二、权威的书法研究成果,为魏晋书法史提供了丰富的实物素材。
三国吴简也具有重要的书法研究价值,其书法艺术上承东汉,下启两晋,具有鲜明的时代特色,代表了东吴时期墨迹书法存世的最多数量与最高水平。
王素、宋少华先生指出:“在吴简出土之前,中国南北各地区出土过大量秦汉简牍,楼兰及其周边出土过一些魏晋简纸文献,但秦汉简牍中,东汉末年简牍极少;魏晋简纸文献中,三国初期简纸文献不多。直到1996年,长沙走马楼出土大量吴简,2004年长沙东牌楼出土一些东汉末年简牍,东汉末年到三国初期文字材料稀少贫乏的情况,才得到较大的改善。其中,长沙走马楼吴简的出土,为这一初期文字书法大变革的研究,提供了大量的第一手的实物材料,尤其值得重视。”(王素、宋少华《长沙走马楼书法综论》)
关于长沙吴简书法,此前除了在《中国书法》杂志上进行过介绍之外,至今没有系统的整理与研究,这与长沙吴简的显学地位是极不相称的。《长沙走马楼吴简书法研究》书后“文丛”收入长沙简牍博物馆专家杨芬《长沙走马楼吴简中的隶书遗韵》、蒋维《从长沙走马楼吴简看楷书的发展源流》、熊曲《长沙走马楼吴简行书探析》、骆黄海《长沙走马楼吴简草书形态初探》等书法研究文章十余万字。故本书的整理出版,将补充、拓宽中国书法的断代史研究,为之提供宝贵的第一手资料。
《长沙走马楼吴简书法研究》一书也为魏晋书法史、特别是锺繇、王羲之书法渊源的研究提供新的素材。长沙吴简中使用最多的是楷书。吴简楷书尚处于隶楷过渡阶段,很多孙吴简牍保留了较多隶书笔意,结体宽博,用笔凝重,其横画、竖画的弯曲弧度,与传世王羲之《姨母帖》接近。

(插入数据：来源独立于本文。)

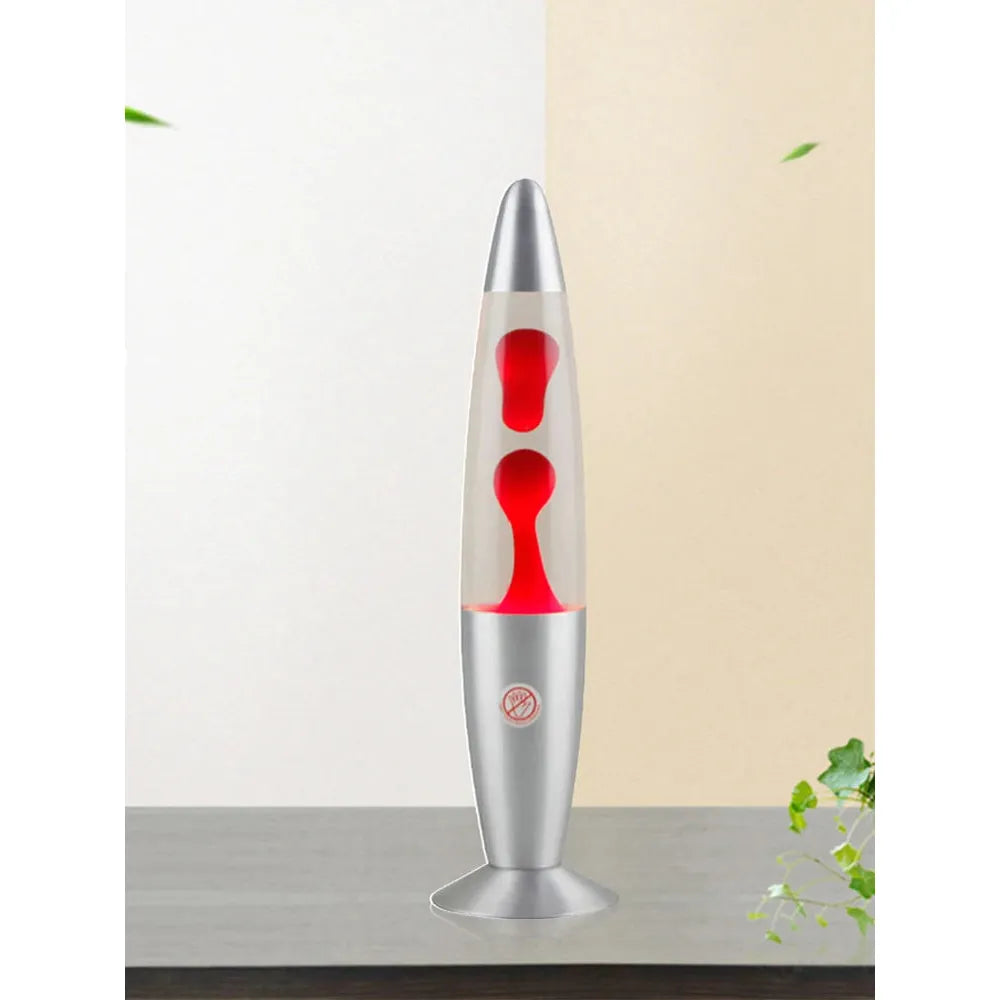 The Luminous Volcano Lava Jellyfish LED Night Light in metallic gray, casting red lava blobs, creates a relaxing ambiance on the table. A split wall with cream and beige hues forms the background as green leaves softly encroach from the right and top left corners.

吴简的书写载体为木、竹。通过对长沙吴简及这段时间前后简牍、法帖的研究表明,三国魏晋之际,还是牍、纸、缣帛并用的交替时期。《三国志·魏书·文帝纪》注引胡冲《吴历》曰:“帝以素书所着《典论》及诗赋饷孙权,又以纸写一通与张昭。”《晋书·王羲之传》:“尝诣门生家,见棐几滑净,因书之,真草相半。”梁虞龢《论书表》:“谢奉起庙,悉用棐材,右军取棐,书之满床,奉收得一大箦。子敬后往,谢为说右军书甚佳,而密已削作数十棐板,请子敬书之,亦甚合,奉并珍录。奉后孙履分半与桓玄,用履为扬州主簿。余一半,孙恩破会稽,略以入海。”可见二王父子皆喜书棐。表中又记桓玄“乃撰二王纸迹,杂有缣素,正、行之尤美者,各为一帙,常置左右。”又录“锺繇纸书”“张芝缣素及纸书”“索靖纸书”“锺会书五纸”“羲之所书紫纸”等,此以“缣素”指代法书,是这一时期牍、纸、缣帛并用的反映。

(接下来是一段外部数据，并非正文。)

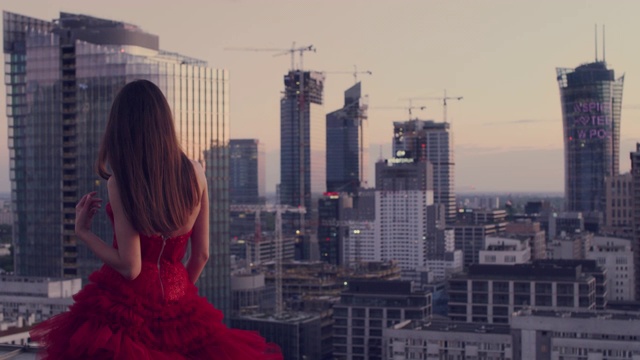 屋顶上的诱惑女人。穿着漂亮的红色裙子。欣赏的观点视频下载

长沙吴简中的木牍一般长度为24—26厘米之间,相当于汉魏时期的一尺,是名副其实的“尺牍”。史籍中经常称赞书家“善尺牍”“工书”“善书”,当时书写的载体,如同吴简中“尺牍”式样的应该占相当多的部分,未必都书写于纸上。梁庾肩吾《书品论》云:“余自少迄长,留心兹艺。敏手谢于临池,锐意同于削板。”犹以“临池”“削板”作为学书的代称。走马楼孙吴简牍的出土,为研究这一时期简牍书迹提供了珍贵实物。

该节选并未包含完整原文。